When OpenAI introduced ChatGPT to the world in 2022, it brought generative artificial intelligence into the mainstream and commenced a snowball effect that led to its rapid integration into industry, scientific research, health care, and the on a regular basis lives of people that use the technology.
What comes next for this powerful but imperfect tool?
With that query in mind, a whole lot of researchers, business leaders, educators, and students gathered at MIT’s Kresge Auditorium for the inaugural MIT Generative AI Impact Consortium (MGAIC) Symposium on Sept. 17 to share insights and discuss the potential way forward for generative AI.
“It is a pivotal moment — generative AI is moving fast. It’s our job to ensure that that, because the technology keeps advancing, our collective wisdom keeps pace,” said MIT Provost Anantha Chandrakasan to kick off this primary symposium of the MGAIC, a consortium of industry leaders and MIT researchers launched in February to harness the ability of generative AI for the nice of society.
Underscoring the critical need for this collaborative effort, MIT President Sally Kornbluth said that the world is counting on faculty, researchers, and business leaders like those in MGAIC to tackle the technological and ethical challenges of generative AI because the technology advances.
“A part of MIT’s responsibility is to maintain these advances coming for the world. … How can we manage the magic [of generative AI] so that every one of us can confidently depend on it for critical applications in the actual world?” Kornbluth said.
To keynote speaker Yann LeCun, chief AI scientist at Meta, probably the most exciting and significant advances in generative AI will most probably not come from continued improvements or expansions of enormous language models like Llama, GPT, and Claude. Through training, these enormous generative models learn patterns in huge datasets to supply recent outputs.
As an alternative, LuCun and others are working on the event of “world models” that learn the identical way an infant does — by seeing and interacting with the world around them through sensory input.
“A 4-year-old has seen as much data through vision as the most important LLM. … The world model goes to turn out to be the important thing component of future AI systems,” he said.

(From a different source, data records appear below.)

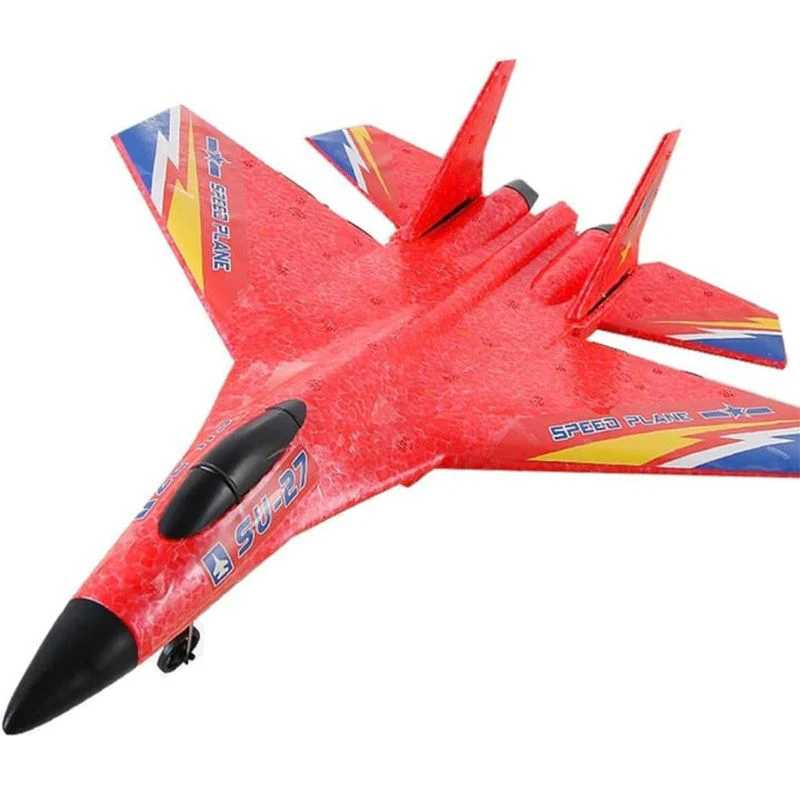 Miniatuur 6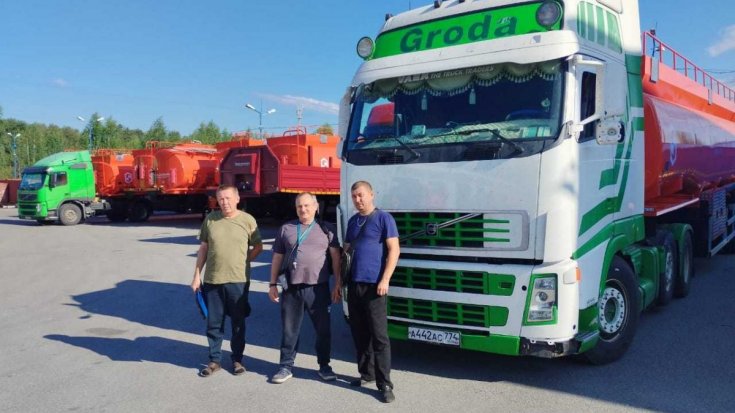 Купил ППЦ 42-24Д-3 УСТ 9465 5 мм ССУ 1500 (10 ед.) + ППЦ 36-24Д-3 УСТ 9465 5 мм ССУ 1500 (4 ед.)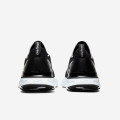 Nike Infinity React Run
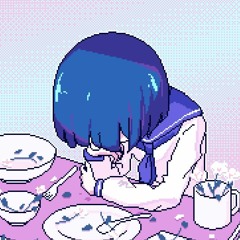 hjksdhf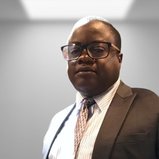 Fredrick Ishengoma: Foto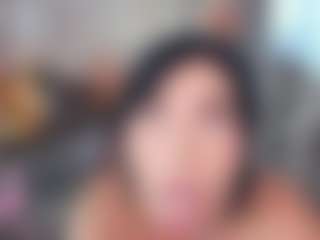 TildaCourseault's Live Sex Cam Show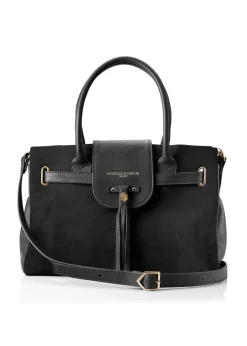 Discount Windsor Handbag - Women Handbags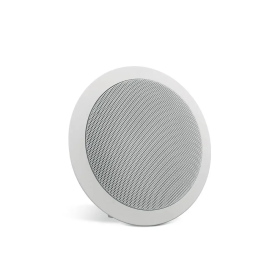 Work IC 60 T Celling Speaker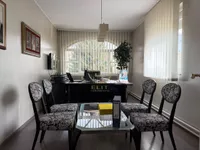 Banatić, Gradske lokacije, Novi Sad | 4zida.rs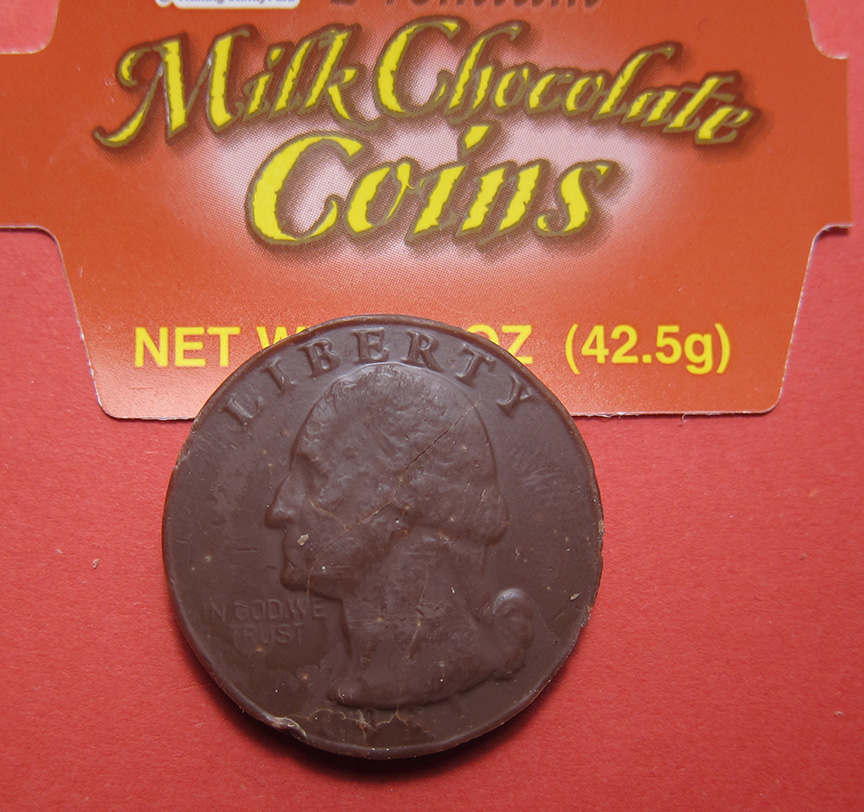 199x-Washington-Quarter---Off-Metal?--It's-Got-Issues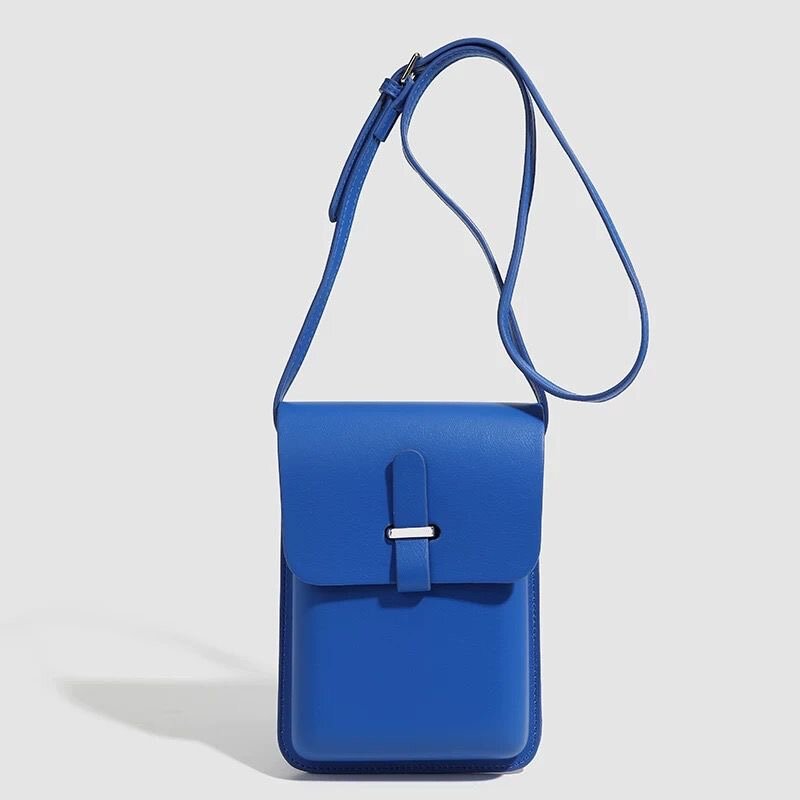 Sac Bandoulière Élégant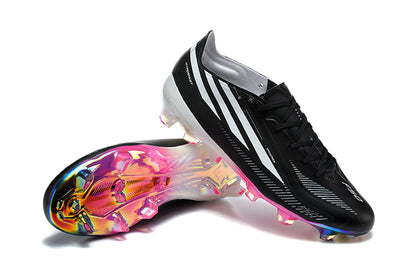 Adidas F50 Elite FG Sprintframe 360 - נעלי אדידס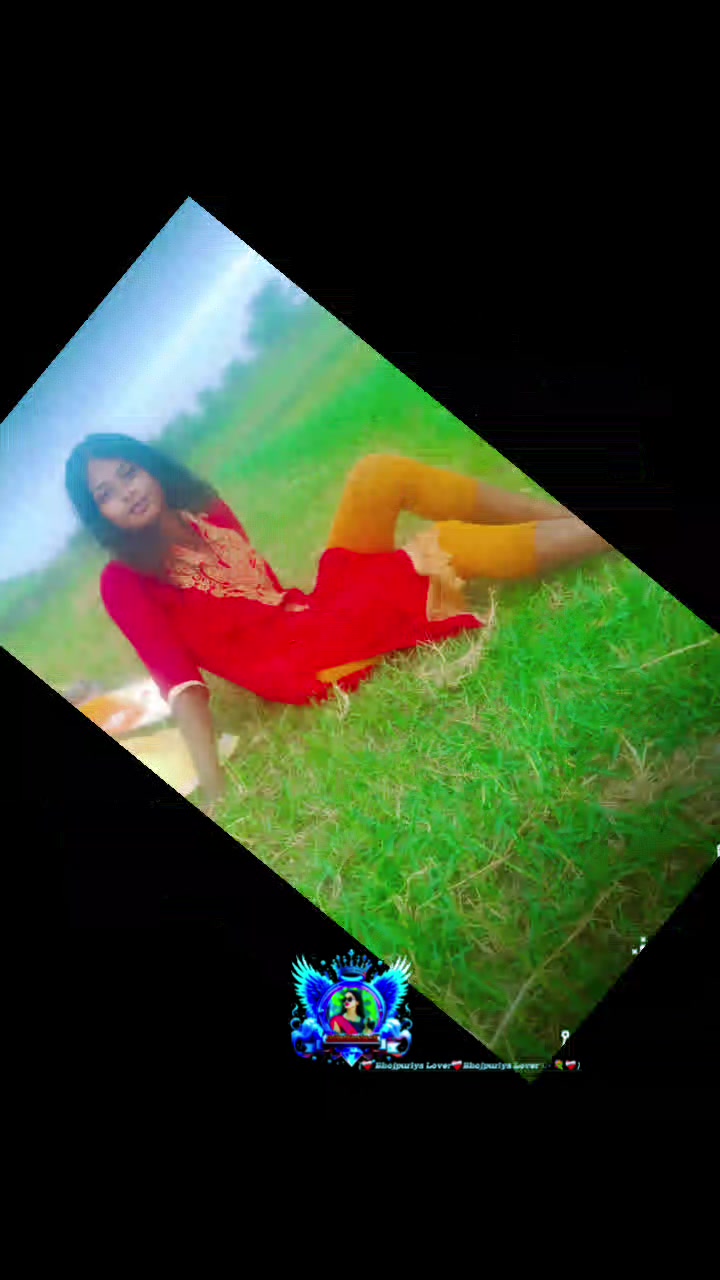 @M...S...๐...๐..lo..ve..๐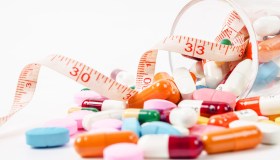 Farmaci anti-obesità, quale impatto per l’industria alimentare nei paesi poveri?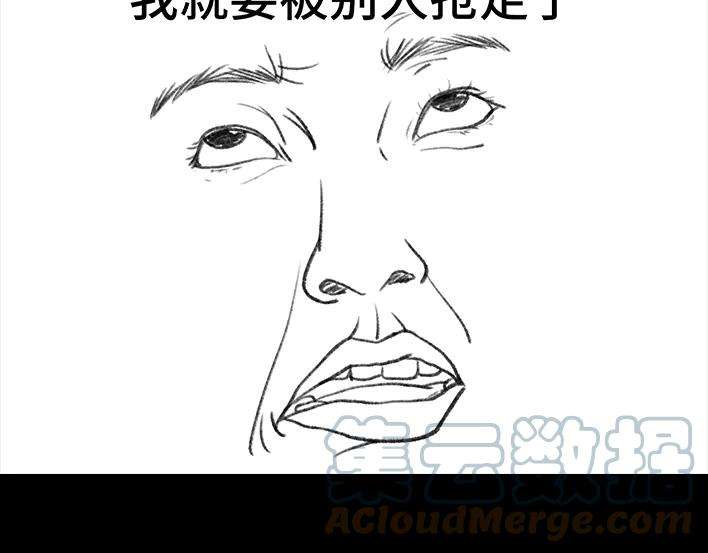 119.jpg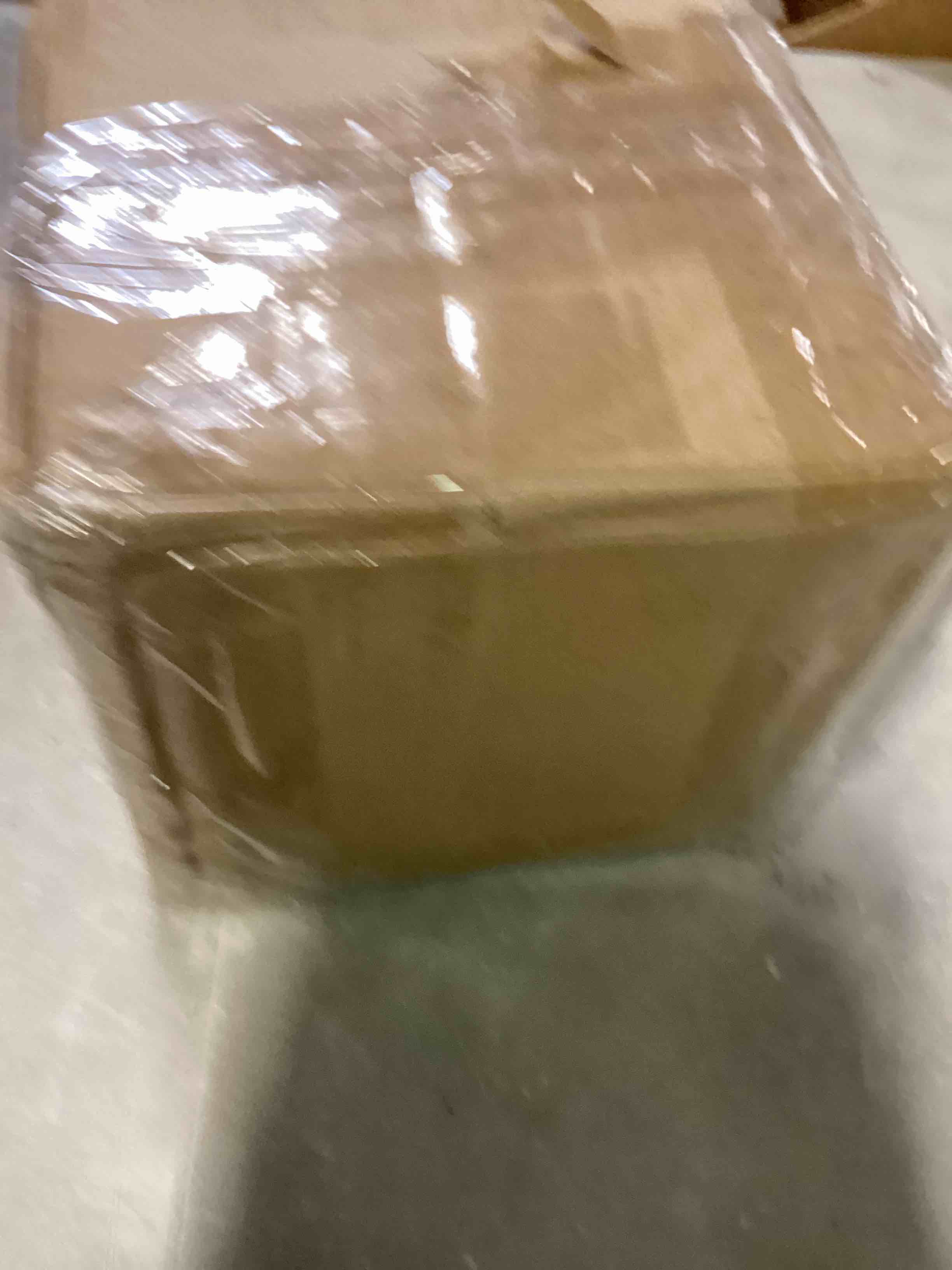https://s3.amazonaws.com/lotting-images-prod/bidfta/YEL6857876_1722093891088.jpeg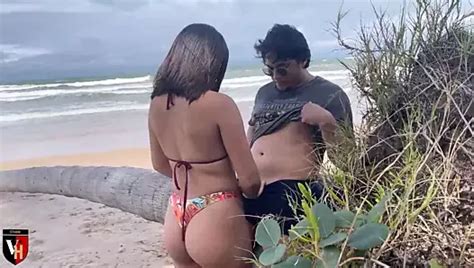 Betrayal On The Beach Free Amateur Porn Video 81 XHamster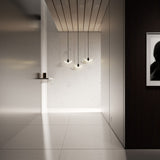 BEEM Smile 02 Pendant Light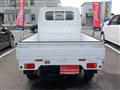 2015 Suzuki Carry Truck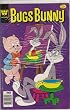 Bugs Bunny #198 Comic Book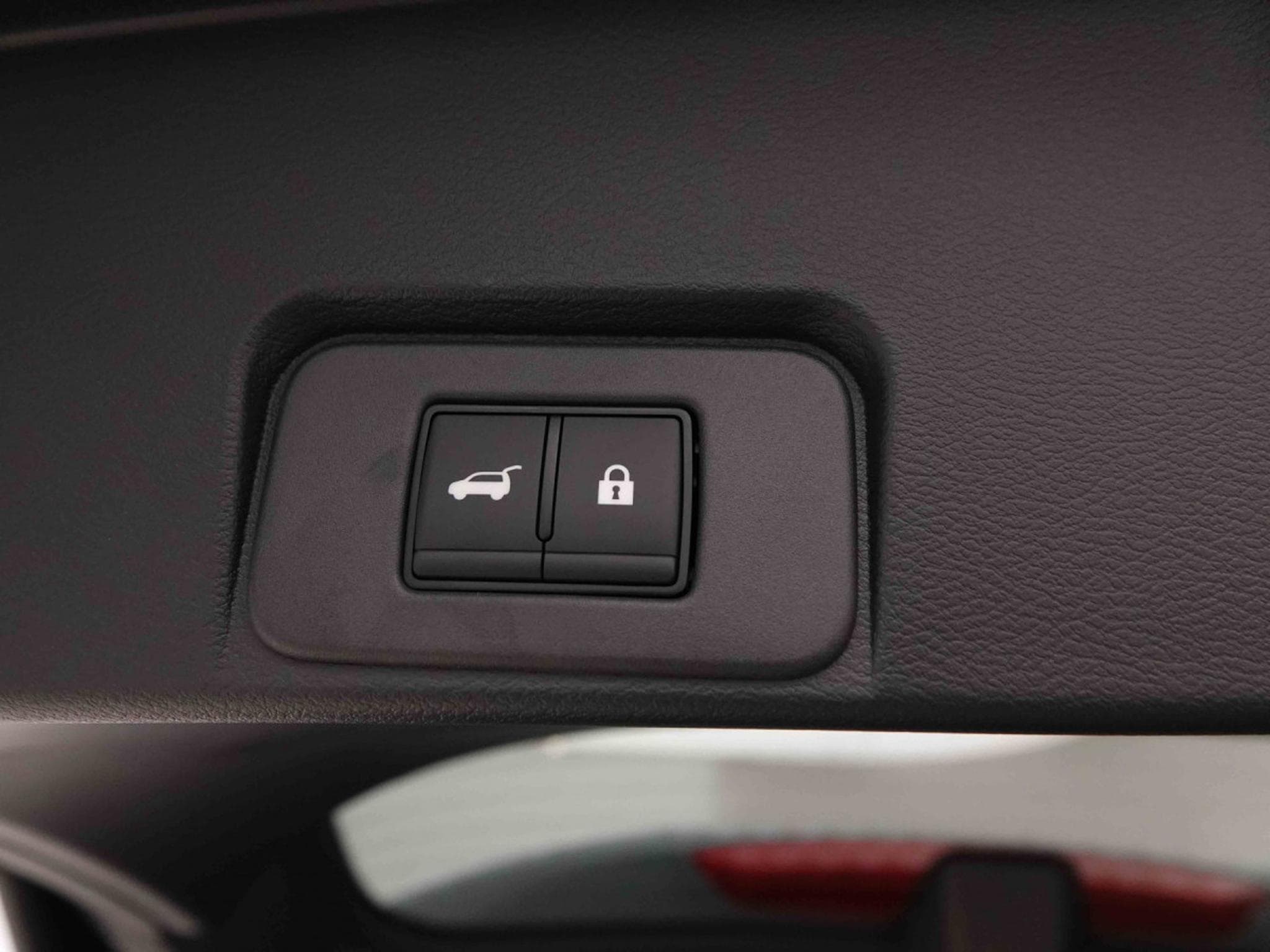 Nissan X-Trail 1.5 VC-T MHEV 163 AUTO TEKNA (2026) - Foto 17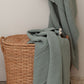 Bath towel (Large size)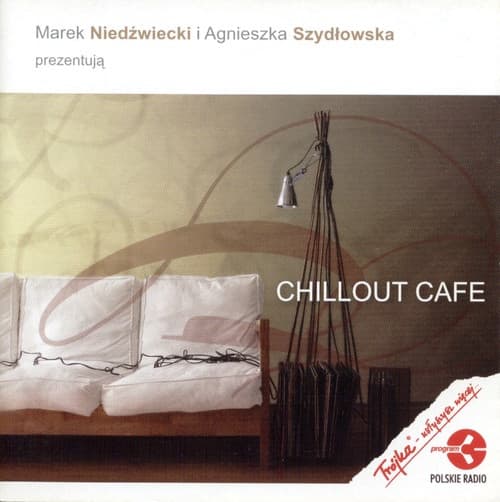 Chillout Cafe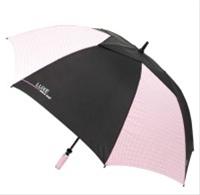 Bild Wilson Staff Paraply Luxe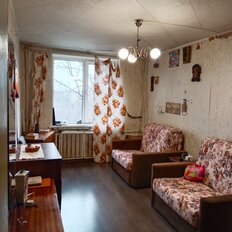 Квартира 48,2 м², 2-комнатная - изображение 2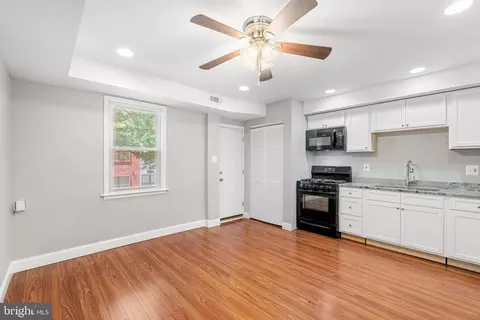 Other - 834 19th St NE, Washington, DC 20002 photo 1 of 8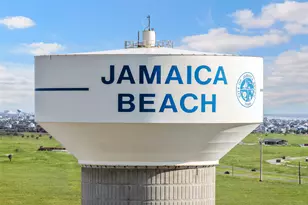 4610 Jamaica Cove Rd, Jamaica Beach, TX 77554 - Photo 39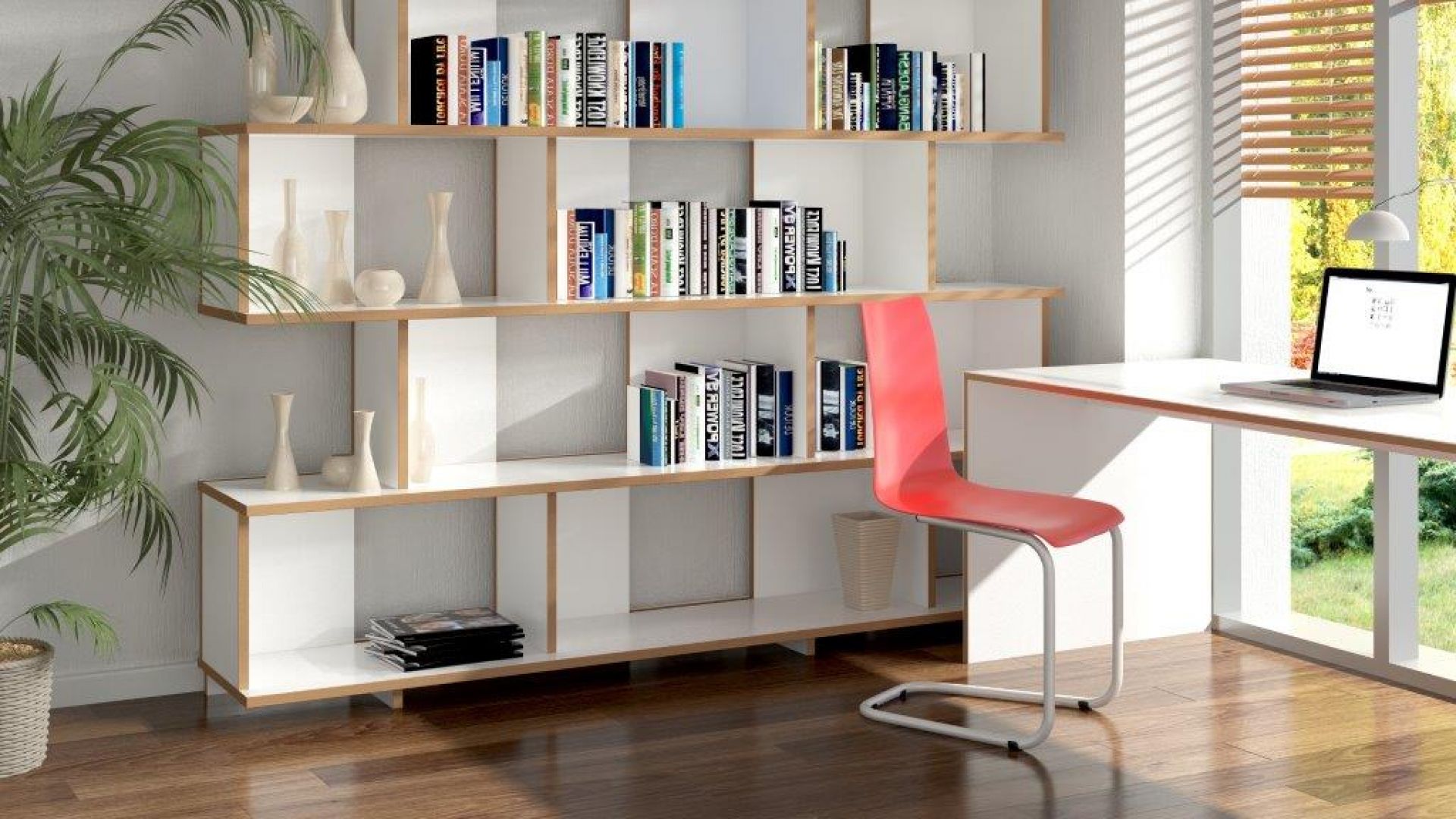 Chaise Tojo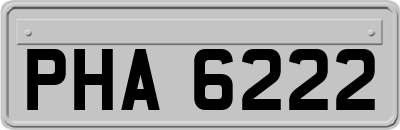 PHA6222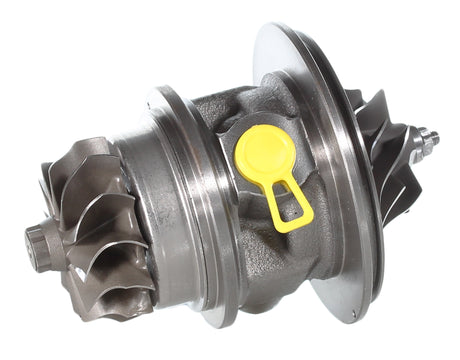 Cummins Cartridge 3539071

A robot with any such world model could learn to finish a brand new task by itself with no training. LeCun sees world models as the perfect approach for corporations to make robots smart enough to be generally useful in the actual world.
But even when future generative AI systems do get smarter and more human-like through the incorporation of world models, LeCun doesn’t worry about robots escaping from human control.
Scientists and engineers might want to design guardrails to maintain future AI systems heading in the right direction, but as a society, we’ve got already been doing this for millennia by designing rules to align human behavior with the common good, he said.
“We’re going to must design these guardrails, but by construction, the system is not going to give you the chance to flee those guardrails,” LeCun said.
Keynote speaker Tye Brady, chief technologist at Amazon Robotics, also discussed how generative AI could impact the longer term of robotics.
As an illustration, Amazon has already incorporated generative AI technology into lots of its warehouses to optimize how robots travel and move material to streamline order processing.
He expects many future innovations will concentrate on using generative AI in collaborative robotics by constructing machines that allow humans to turn out to be more efficient.
“GenAI might be probably the most impactful technology I even have witnessed throughout my whole robotics profession,” he said.
Other presenters and panelists discussed the impacts of generative AI in businesses, from largescale enterprises like Coca-Cola and Analog Devices to startups like health care AI company Abridge.
Several MIT faculty members also spoke about their latest research projects, including using AI to cut back noise in ecological image data, designing recent AI systems that mitigate bias and hallucinations, and enabling LLMs to learn more concerning the visual world.
After a day spent exploring recent generative AI technology and discussing its implications for the longer term, MGAIC faculty co-lead Vivek Farias, the Patrick J. McGovern Professor at MIT Sloan School of Management, said he hoped attendees left with “a way of possibility, and urgency to make that possibility real.”